SARDARJI CALLS AIR INDIA.
"How long does it take to fly to Amritsar?" asks the Sardarji, "Just a sec," says the rep. "Thank you." says the Sardarji and hangs up.


SARDARJI BUYS A TV
"Do you have color TVs?", asks the Sardarji, "Sure." Says the salesman, "Great!" says the Sardarji, "Give me a green one, please."


SARARJI ON XEROX
Do you know What Surdarji will do after taking Xerox ? He will compare it with the original for spelling mistakes!!


SARDARJI ON PAPER
Do you know what surdarji will do if he wants white paper ? (he already has one and he wants one more..) He takes a Xerox of the white paper !!!


DUMMY EXAM
Banta singh finished his English exam and came out of class. His friends asked him how he did on his exam. For that he replied "Exam was okay, but for the past tense of THINK, I thought, thought, thought ... and at last I wrote THUNK !!!"




SARDARJI ON GRAFFITI
Santa Singh was walking on the road and paused to read the graffiti on the wall. It read "Padne waala gadha."(one who reads it is an ass.) Santa Singh thought for an hour, erased it and wrote back,"Likhne waala gadha."(One who wrote it is an ass).

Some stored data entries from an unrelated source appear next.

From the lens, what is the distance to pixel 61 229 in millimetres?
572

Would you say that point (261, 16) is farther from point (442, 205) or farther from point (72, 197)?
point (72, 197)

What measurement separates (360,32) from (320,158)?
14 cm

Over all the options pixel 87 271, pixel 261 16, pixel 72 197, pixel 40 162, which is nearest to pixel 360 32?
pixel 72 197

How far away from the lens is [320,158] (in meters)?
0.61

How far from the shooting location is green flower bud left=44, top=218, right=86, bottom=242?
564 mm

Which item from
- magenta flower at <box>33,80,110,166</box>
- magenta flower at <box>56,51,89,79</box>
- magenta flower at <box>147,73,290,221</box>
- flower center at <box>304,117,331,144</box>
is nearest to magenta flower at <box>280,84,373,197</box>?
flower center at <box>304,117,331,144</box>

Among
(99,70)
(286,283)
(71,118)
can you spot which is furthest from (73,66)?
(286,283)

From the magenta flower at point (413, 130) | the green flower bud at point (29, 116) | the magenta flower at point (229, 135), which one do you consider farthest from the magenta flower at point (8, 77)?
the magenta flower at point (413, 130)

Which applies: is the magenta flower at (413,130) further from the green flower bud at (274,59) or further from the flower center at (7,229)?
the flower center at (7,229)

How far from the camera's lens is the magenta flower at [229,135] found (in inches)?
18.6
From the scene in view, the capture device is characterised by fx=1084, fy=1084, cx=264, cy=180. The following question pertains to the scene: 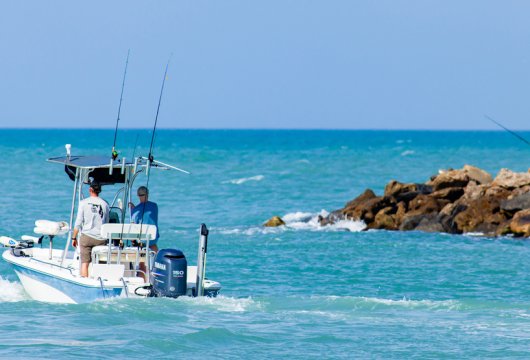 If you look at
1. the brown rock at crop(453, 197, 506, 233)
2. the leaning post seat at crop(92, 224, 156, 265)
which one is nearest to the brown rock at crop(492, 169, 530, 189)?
the brown rock at crop(453, 197, 506, 233)

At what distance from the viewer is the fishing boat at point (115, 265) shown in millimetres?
15508

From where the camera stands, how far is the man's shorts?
16078mm

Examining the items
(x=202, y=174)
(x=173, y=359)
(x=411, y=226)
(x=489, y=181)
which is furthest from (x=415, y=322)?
(x=202, y=174)

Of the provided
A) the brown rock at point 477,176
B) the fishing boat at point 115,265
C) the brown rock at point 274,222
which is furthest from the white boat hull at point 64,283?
the brown rock at point 477,176

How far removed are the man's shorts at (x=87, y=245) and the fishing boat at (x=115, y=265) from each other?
149mm

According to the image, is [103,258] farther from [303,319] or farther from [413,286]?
[413,286]

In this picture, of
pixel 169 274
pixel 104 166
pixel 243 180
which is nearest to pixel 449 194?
pixel 104 166

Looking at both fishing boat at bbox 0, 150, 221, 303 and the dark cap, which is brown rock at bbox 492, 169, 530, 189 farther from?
the dark cap

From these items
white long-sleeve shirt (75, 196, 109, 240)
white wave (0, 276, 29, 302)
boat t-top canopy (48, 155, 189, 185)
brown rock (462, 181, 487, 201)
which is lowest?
white wave (0, 276, 29, 302)

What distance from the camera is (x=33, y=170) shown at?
63812 millimetres

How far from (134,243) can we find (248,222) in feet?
59.2

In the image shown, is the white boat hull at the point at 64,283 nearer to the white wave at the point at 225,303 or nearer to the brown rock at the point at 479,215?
the white wave at the point at 225,303

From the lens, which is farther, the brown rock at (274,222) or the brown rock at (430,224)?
the brown rock at (274,222)

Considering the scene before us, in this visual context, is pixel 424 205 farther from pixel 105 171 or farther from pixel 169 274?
pixel 169 274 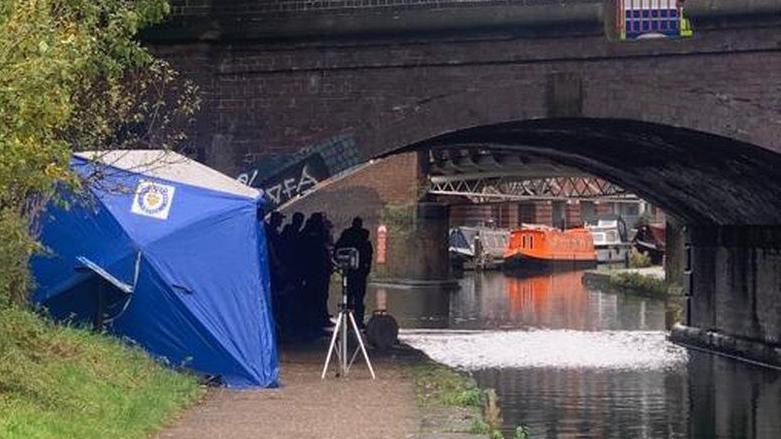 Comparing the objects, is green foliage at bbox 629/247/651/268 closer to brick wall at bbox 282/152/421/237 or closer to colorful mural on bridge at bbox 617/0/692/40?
brick wall at bbox 282/152/421/237

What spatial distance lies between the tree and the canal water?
515cm

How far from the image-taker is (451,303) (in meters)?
41.1

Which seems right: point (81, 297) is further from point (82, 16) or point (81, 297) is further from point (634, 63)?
point (634, 63)

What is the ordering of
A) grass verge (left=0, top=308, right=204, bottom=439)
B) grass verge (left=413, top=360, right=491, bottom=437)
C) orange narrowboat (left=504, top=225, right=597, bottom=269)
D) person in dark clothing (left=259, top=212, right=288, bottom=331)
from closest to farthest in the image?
grass verge (left=0, top=308, right=204, bottom=439) < grass verge (left=413, top=360, right=491, bottom=437) < person in dark clothing (left=259, top=212, right=288, bottom=331) < orange narrowboat (left=504, top=225, right=597, bottom=269)

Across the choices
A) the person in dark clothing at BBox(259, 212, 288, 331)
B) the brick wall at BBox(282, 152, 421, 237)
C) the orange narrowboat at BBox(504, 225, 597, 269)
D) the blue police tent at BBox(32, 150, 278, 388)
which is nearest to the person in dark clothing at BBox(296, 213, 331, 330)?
the person in dark clothing at BBox(259, 212, 288, 331)

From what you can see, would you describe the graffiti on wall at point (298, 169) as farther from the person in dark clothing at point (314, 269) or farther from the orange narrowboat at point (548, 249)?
the orange narrowboat at point (548, 249)

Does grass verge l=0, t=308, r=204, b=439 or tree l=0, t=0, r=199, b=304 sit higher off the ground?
tree l=0, t=0, r=199, b=304

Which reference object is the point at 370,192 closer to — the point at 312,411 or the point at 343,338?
the point at 343,338

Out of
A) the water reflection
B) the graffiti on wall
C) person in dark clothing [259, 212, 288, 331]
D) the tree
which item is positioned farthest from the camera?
the water reflection

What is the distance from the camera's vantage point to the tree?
9.88 metres

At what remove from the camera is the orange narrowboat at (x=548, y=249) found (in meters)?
66.3

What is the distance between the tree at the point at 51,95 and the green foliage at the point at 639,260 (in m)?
41.7

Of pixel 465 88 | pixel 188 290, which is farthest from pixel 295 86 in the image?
pixel 188 290

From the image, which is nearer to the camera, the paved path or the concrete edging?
the paved path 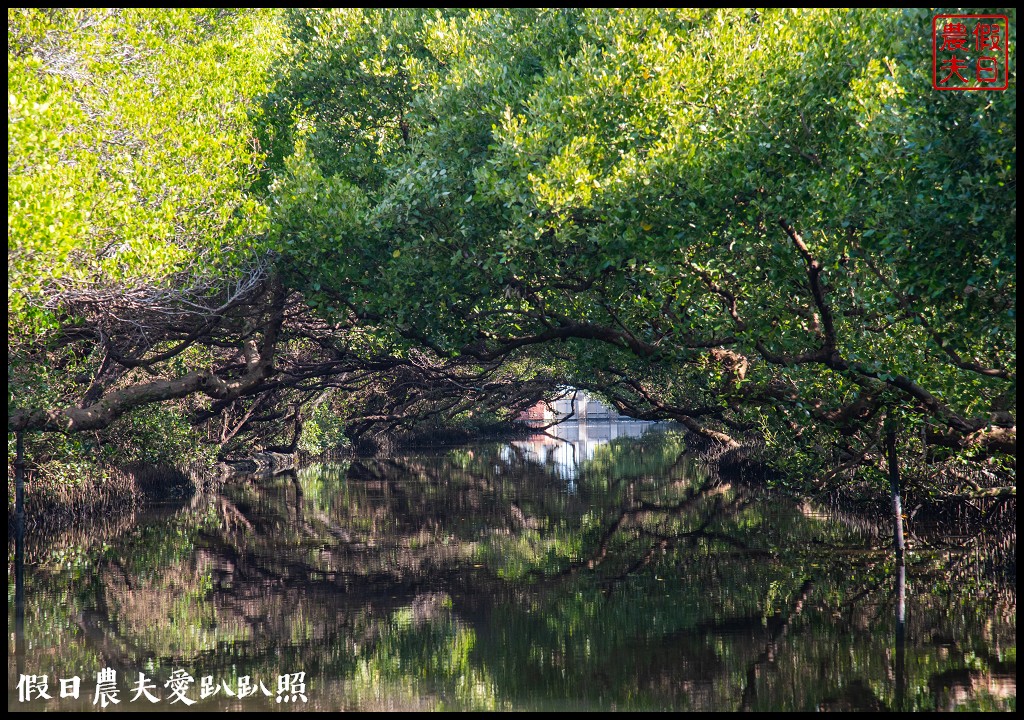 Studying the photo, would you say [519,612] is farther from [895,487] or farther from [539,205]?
[895,487]

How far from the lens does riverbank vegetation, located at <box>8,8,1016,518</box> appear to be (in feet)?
39.9

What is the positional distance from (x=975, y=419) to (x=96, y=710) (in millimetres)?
12192

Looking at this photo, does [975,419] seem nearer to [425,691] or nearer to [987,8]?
[987,8]

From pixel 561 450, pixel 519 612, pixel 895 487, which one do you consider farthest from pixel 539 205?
pixel 561 450

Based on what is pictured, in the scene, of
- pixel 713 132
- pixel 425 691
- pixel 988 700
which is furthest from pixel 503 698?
pixel 713 132

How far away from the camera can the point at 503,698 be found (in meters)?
10.5

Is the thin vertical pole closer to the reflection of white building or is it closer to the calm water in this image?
the calm water

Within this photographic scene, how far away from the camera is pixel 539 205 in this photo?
1470 cm

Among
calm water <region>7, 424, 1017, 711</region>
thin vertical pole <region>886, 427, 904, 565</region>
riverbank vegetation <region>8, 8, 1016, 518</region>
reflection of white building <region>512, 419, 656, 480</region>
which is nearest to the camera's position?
calm water <region>7, 424, 1017, 711</region>

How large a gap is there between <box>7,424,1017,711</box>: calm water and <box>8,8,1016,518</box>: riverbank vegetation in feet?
8.16

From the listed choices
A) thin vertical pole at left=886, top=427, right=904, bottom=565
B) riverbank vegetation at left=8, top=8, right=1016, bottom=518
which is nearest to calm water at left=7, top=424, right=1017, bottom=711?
thin vertical pole at left=886, top=427, right=904, bottom=565

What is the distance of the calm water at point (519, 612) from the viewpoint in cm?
1073

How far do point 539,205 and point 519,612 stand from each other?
639 cm

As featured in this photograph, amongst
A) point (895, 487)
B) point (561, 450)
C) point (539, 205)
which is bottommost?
point (895, 487) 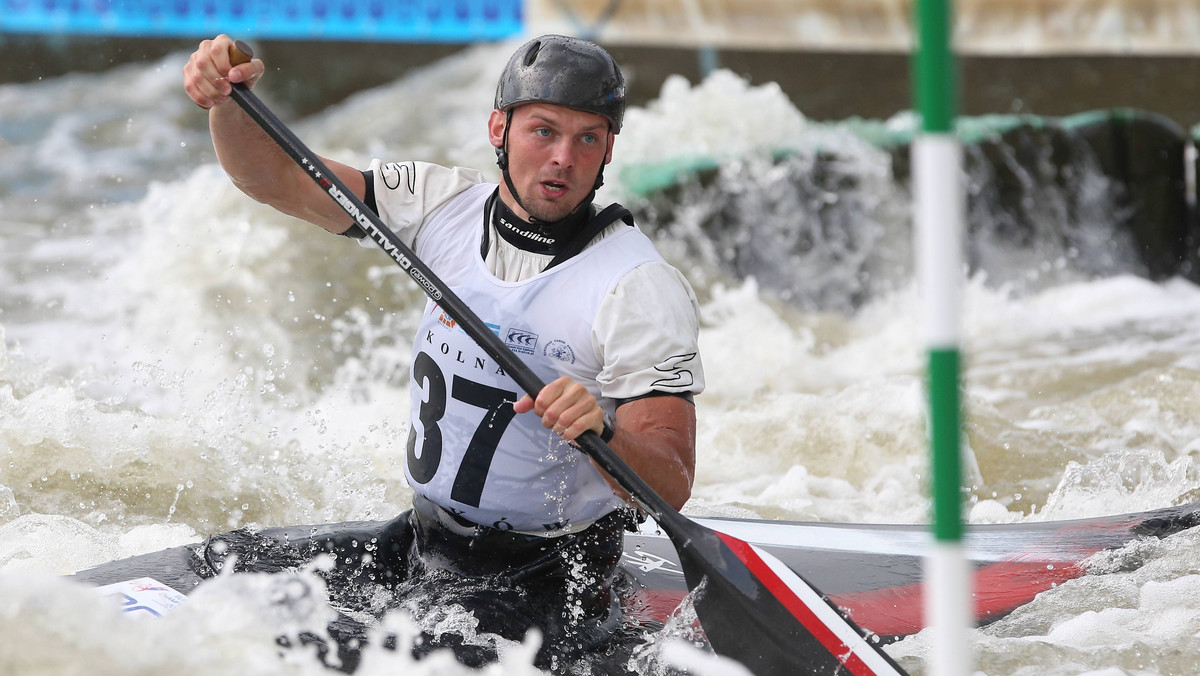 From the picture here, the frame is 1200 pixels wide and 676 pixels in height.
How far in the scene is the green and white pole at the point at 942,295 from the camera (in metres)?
1.27

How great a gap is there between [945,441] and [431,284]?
1113 mm

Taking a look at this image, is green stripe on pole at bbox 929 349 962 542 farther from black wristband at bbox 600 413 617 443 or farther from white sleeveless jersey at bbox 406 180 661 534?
white sleeveless jersey at bbox 406 180 661 534

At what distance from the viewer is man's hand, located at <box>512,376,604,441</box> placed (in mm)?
1956

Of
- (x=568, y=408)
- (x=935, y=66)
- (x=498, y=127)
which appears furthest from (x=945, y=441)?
(x=498, y=127)

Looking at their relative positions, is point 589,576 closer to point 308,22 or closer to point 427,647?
point 427,647

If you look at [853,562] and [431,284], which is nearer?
[431,284]

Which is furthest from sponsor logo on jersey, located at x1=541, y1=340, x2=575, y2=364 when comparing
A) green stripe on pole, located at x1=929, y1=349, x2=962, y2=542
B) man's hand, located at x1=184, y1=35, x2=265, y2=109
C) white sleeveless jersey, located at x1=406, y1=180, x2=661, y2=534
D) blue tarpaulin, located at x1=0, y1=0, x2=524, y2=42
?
blue tarpaulin, located at x1=0, y1=0, x2=524, y2=42

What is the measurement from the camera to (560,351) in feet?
7.09

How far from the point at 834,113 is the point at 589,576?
7.51 meters

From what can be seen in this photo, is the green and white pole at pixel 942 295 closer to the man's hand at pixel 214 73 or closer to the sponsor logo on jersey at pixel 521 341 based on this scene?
the sponsor logo on jersey at pixel 521 341

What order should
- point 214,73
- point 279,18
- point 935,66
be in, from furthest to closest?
1. point 279,18
2. point 214,73
3. point 935,66

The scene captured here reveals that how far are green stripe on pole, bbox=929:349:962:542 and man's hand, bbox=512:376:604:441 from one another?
0.73 meters

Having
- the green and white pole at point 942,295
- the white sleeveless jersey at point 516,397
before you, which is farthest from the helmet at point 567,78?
the green and white pole at point 942,295

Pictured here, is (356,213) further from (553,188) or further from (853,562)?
(853,562) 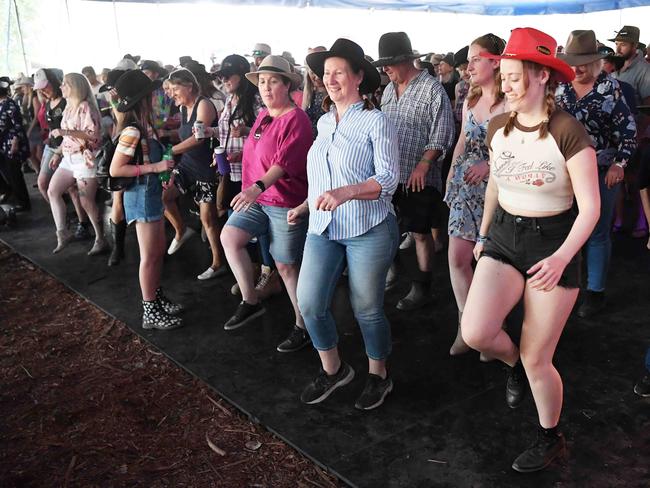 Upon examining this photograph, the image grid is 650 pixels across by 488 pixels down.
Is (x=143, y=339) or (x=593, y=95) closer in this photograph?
(x=593, y=95)

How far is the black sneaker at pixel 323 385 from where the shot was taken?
332 centimetres

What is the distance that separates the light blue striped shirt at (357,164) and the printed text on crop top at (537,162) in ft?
1.67

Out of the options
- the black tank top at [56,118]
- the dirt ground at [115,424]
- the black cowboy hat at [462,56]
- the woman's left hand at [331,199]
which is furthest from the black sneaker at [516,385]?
the black tank top at [56,118]

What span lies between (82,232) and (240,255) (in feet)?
11.8

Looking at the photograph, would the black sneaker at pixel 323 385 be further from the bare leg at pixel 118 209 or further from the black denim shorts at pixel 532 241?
the bare leg at pixel 118 209

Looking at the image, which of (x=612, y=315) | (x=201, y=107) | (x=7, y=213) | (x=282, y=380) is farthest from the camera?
(x=7, y=213)

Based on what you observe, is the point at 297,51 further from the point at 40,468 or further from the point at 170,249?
the point at 40,468

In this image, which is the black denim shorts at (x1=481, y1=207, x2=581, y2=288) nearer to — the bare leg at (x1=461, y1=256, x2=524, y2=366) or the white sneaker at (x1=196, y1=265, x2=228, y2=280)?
the bare leg at (x1=461, y1=256, x2=524, y2=366)

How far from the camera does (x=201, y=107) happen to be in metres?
5.06

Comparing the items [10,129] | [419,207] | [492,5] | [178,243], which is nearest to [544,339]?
[419,207]

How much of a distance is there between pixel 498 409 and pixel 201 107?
3420 mm

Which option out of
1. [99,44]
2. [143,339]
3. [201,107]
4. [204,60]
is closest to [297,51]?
[204,60]

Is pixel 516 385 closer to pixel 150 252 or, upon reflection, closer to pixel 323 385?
pixel 323 385

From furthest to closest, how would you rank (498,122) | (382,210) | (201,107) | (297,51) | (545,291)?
1. (297,51)
2. (201,107)
3. (382,210)
4. (498,122)
5. (545,291) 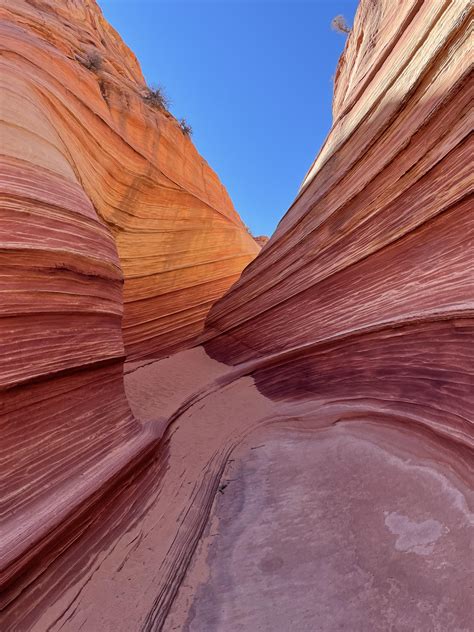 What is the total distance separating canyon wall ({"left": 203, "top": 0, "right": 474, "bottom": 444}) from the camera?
2.45 metres

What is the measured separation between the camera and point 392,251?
126 inches

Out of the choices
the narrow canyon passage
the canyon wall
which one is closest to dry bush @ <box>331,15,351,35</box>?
the canyon wall

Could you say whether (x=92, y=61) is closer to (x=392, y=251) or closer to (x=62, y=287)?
(x=62, y=287)

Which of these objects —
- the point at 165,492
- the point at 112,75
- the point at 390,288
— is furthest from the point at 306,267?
the point at 112,75

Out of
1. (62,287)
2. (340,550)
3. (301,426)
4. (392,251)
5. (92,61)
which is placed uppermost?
(92,61)

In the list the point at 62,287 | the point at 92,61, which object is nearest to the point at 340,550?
the point at 62,287

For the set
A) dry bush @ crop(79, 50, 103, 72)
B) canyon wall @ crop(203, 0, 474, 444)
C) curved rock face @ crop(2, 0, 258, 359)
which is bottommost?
canyon wall @ crop(203, 0, 474, 444)

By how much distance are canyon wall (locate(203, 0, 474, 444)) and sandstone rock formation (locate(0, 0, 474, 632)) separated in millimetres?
18

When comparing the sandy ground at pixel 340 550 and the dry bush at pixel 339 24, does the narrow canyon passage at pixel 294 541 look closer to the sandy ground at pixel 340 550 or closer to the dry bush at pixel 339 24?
the sandy ground at pixel 340 550

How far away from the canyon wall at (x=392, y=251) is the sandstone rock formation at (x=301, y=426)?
0.02 meters

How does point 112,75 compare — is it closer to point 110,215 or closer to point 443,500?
point 110,215

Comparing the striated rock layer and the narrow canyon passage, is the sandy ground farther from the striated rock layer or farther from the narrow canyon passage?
the striated rock layer

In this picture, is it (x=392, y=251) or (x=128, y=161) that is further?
(x=128, y=161)

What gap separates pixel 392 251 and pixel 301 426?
1.74m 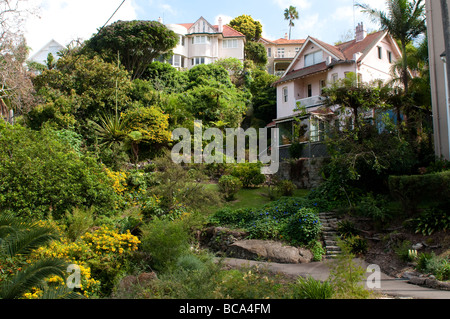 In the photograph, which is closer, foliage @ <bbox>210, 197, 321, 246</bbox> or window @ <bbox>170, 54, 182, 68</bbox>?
foliage @ <bbox>210, 197, 321, 246</bbox>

SARDARJI ON LONG DISTANCE CALLS
Mrs. Banta Singh was in the habit of having long conversation on the telephone, sometimes going on over an hour. One day she hung up after 25 minutes."What is the matter today? asked her husband. "Today you had less than half an hour conversation on the phone." "I got a wrong number," replied Mrs. Banta Singh.


SARDARJI ON PARKING
Banta Singh was in court charged with parking his car in a restricted area. The judge asked him if he had anything to say in his defence. "They should not put up such misleading notices,"said Banta Singh." It said , FINE FOR PARKING HERE."